In his new position, Matthew works for a company that makes heat seal lidding for a variety of food products.  “My job is to standardize our processes at LMI, make our production facility run more efficiently, and cut down on waste and inefficiency,” he says.  This position was newly created, so it’s been fun for him fun to define this job title for the company. 

Matthew does tell us, though, that the obstacles he faces in his civilian career are much like those during his time in the Army. “I’m young and new at my job.  However, my job is to implement new processes to improve our efficiency,” he explains, “Sometimes people here are resistant to change and say ‘This is the way we’ve always done it.’  This is the same as being a new Platoon Leader trying to implement change when your NCOs are resistant to change (especially when the change is coming from an officer who is young and inexperienced).”  
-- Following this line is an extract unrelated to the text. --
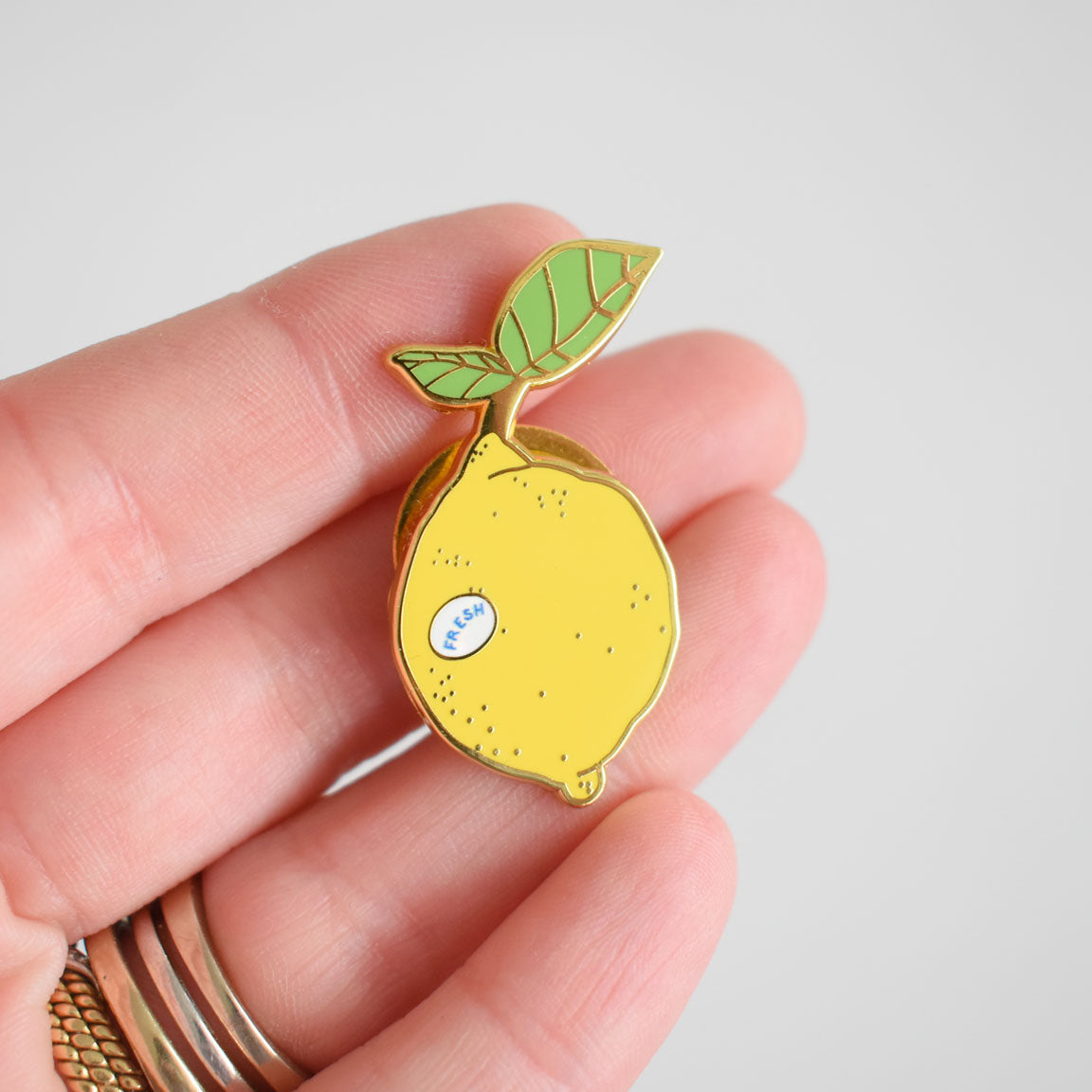 A hand holds the Sara Fitz Lemon Needle Minder, a small enamel pin shaped like a yellow lemon with a leaf—ideal as an enamel needle minder or stitching accessory. The lemon features a tiny sticker that says "fresh," and the person is wearing several rings on their fingers.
Obviously, Matthew didn’t receive any training in making yogurt lids in the Army, but some things he learned as an officer are helping him out in my current job. These include time management, hitting deadlines, handing multiple tasks at the same time, implementing change to an organization, increasing efficiency, etc.  Also, since Matthew is in manufacturing, there is a high emphasis on safety, and being a Company and Battalion safety officer prepared him well for that.   

“It’s been exciting to transition.  I enjoy the people I work with and am satisfied with the choice I made.  I have a lot of responsibility, and my boss trusts me and gives me a lot of latitude to complete my projects.  I am never told when to start/end work or how long my lunch is,” Matthew explains to us. The assumption is, he says, that, as a former Army Officer, he is responsible and will get the job done as quickly as possible.  He feels it’s great to have a lot of freedom to maneuver and work without a lot of micromanagement.

The military forces you to learn new jobs quickly, which is what Matthew is doing now.  He’s in a completely new industry where most people have been in the same field for years.  Adapting to new situations quickly is an Army norm, and it’s been helping him out at LMI.  “My time management and multi-tasking skills have also helped, but I have had to quell the urge to say ‘hooah’ when I don’t know what else to say!” jokes Matthew. 

Matthew sees a much greater emphasis on profitability in the civilian world than in the Army.  For this reason, he says it’s important for his fellow transitioning veterans to convince their future employers how they can save them money.  “Most businesses operate with razor thin margins, and labor isn’t cheap.  Convey that you can learn fast, make an immediate impact, and make the company more profitable,” he advises.

Matthew also says that if he is ever in a hiring position, he would look for a veteran that can learn quickly. He reminds companies that industry experience isn't everything. He’d hire someone with intangible leadership and organizational skills, and a strong work ethic any time.